I had walked into a college advisor’s office and said, “I don’t know anyone who’s gone to college and it’s embarrassing. I don’t know how to start college, how to pay for it, or what I want to major in.” By the time I left her office, I had enrolled in the spring semester classes. I was excited but nervous at the same time. I worried that the other students would be so much younger and judge me for my age. I feared that I wouldn’t be able to keep up.
For the first class I read the first five chapters of the textbook and took notes. I sat down front and center in the class 40 minutes before it was scheduled to begin. I moved to two different seats before settling back in my original front-row seat. Then my classmates started arriving. Some were younger and some older. Some didn’t seem to care about preparing as much as others, but none of them made me feel bad about being in the same class. Actually, they made me feel smart because I had come so well prepared to class – being able to answer the teacher’s questions about the first couple of chapters.

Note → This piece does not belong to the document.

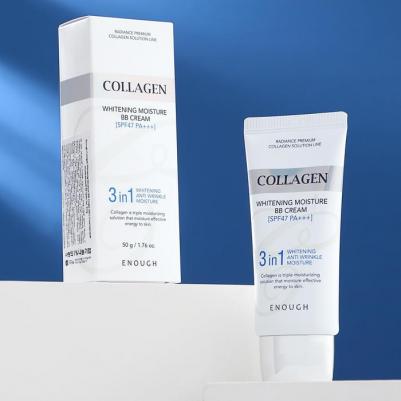 ББ-крем с морским коллагеном Collagen 3 in1 Whitening Moisture BB Сream SPF47 PA+++, 50 гр – фото 3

This journey I had started was certainly not easy. I had a lot of responsibilities to balance; full time job, pregnancy, newborn, a spouse in the service who was constantly leaving, an international move, and countless other engagements I had to turn down due to school. And even in the struggle, there were some really great times. I met teachers who became role models. One Professor taught me to be more accepting of other peoples’ lifestyles, while another kept pushing me to do better with every assignment. And Professor Pavlick might be the first man to compliment my intelligence and ability. He was convinced that one day I would be a CEO and that my business ethics would make a real difference in the world. For someone of such success to be so sure of me really made me believe in myself.
Through it all, I had to keep reminding myself why I was doing it. I used a photo of my boys as a bookmark for my textbooks. Quitting wasn’t an option because I wasn’t doing this just for me but for them. I channeled that “mom-strength” and used it to push me through to graduation.
I graduated with a Bachelor’s Degree in Management and a minor in Homeland Security. I looked at my two boys cheering in the stands and felt so proud. I knew I did something right for my kids and that brought so much to my heart, and seeing the proud face of my own mother looking at me with her eyes filled with tears brought so much satisfaction.
If you’ve been thinking about going back to school, just do it. Make a promise to yourself and keep that promise, because when you are 90 years old and looking back on your life, you’ll regret letting fear get in your way of accomplishing your goals. Be a good role model and make a difference in this big, beautiful world we live in.